Information provided:
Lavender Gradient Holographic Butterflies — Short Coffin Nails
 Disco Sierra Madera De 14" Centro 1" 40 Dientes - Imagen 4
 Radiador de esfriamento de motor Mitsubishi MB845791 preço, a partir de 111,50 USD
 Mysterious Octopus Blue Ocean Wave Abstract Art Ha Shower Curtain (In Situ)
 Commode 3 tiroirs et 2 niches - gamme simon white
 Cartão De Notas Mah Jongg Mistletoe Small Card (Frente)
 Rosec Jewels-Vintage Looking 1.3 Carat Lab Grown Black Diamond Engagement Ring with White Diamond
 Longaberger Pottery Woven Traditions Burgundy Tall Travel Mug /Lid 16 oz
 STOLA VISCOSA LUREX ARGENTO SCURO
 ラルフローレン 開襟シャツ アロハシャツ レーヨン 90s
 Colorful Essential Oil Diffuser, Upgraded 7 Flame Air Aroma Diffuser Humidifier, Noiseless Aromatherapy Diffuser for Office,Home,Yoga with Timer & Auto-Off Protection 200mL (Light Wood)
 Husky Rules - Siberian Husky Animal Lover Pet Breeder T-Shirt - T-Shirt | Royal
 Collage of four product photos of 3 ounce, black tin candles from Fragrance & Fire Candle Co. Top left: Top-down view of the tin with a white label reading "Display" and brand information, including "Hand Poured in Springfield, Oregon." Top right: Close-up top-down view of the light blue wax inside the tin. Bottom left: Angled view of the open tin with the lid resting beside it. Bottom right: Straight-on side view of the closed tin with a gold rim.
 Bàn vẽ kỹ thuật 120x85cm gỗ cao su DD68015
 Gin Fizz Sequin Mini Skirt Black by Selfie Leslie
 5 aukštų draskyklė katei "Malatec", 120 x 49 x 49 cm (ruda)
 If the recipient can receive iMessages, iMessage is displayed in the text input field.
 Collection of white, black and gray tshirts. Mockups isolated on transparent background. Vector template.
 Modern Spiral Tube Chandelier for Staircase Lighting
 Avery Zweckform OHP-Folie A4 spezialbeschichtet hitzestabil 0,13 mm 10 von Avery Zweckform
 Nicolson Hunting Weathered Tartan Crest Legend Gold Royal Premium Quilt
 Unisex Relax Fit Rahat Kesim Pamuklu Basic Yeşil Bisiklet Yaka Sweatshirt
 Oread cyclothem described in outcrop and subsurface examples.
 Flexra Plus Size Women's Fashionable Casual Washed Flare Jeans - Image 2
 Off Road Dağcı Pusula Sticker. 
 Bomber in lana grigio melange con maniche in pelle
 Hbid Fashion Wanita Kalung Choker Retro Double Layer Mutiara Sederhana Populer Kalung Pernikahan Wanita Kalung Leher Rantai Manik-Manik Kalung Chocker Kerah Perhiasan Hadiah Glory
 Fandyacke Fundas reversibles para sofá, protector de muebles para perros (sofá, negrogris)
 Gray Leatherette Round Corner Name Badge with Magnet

Exercise: Going down the listing above, begin printing at the line with "ラルフローレン 開襟シャツ アロハシャツ レーヨン 90s" and finish with the line with "Colorful Essential Oil", exactly as they appear.

Your solution:
 ラルフローレン 開襟シャツ アロハシャツ レーヨン 90s
 Colorful Essential Oil Diffuser, Upgraded 7 Flame Air Aroma Diffuser Humidifier, Noiseless Aromatherapy Diffuser for Office,Home,Yoga with Timer & Auto-Off Protection 200mL (Light Wood)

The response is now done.